ECLI:NL:RBROT:2024:8939
Rechtbank Rotterdam
- Eerste aanleg - enkelvoudig
- Rechtspraak.nl
Afwijzing aanvraag gehandicaptenparkeerkaart door college van burgemeester en wethouders van Rotterdam
In deze zaak heeft de Rechtbank Rotterdam op 28 augustus 2024 uitspraak gedaan in een geschil tussen eiseres, vertegenwoordigd door haar gemachtigde mr. M.C.A. Schulpen, en het college van burgemeester en wethouders van Rotterdam. Eiseres had een aanvraag ingediend voor een Europese gehandicaptenparkeerkaart, welke door het college op 24 maart 2023 werd afgewezen.

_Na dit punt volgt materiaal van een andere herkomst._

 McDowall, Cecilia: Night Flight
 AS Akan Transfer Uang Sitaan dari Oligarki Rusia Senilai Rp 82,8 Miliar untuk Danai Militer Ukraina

Het college verklaarde het bezwaar van eiseres ongegrond in een besluit van 25 september 2023. Eiseres heeft hiertegen beroep ingesteld, waarbij zij aanvoerde dat zij niet in staat is om meer dan 100 meter aaneengesloten te lopen en dat zij door haar medische aandoeningen, waaronder duizeligheid, niet zonder begeleiding kan worden vervoerd.
De rechtbank heeft de aanvraag beoordeeld aan de hand van de vereisten voor het verkrijgen van een gehandicaptenparkeerkaart, zoals vastgelegd in de Regeling gehandicaptenparkeerkaart. De rechtbank concludeerde dat eiseres niet voldeed aan de voorwaarde dat zij voor het vervoer van deur tot deur continu afhankelijk moest zijn van de hulp van de bestuurder. De rechtbank oordeelde dat het college zich terecht had gebaseerd op het medisch advies van de Arts Indicatie en Advies, dat stelde dat eiseres niet continu afhankelijk was van hulp. De rechtbank verwierp ook het beroep op de hardheidsclausule, omdat eiseres geen uitzonderlijke medische problemen had die een uitzondering op de regels rechtvaardigden.
Uiteindelijk verklaarde de rechtbank het beroep ongegrond, waardoor de afwijzing van de aanvraag voor de gehandicaptenparkeerkaart in stand bleef. Eiseres kreeg geen proceskosten vergoed en haar griffierecht werd niet teruggegeven.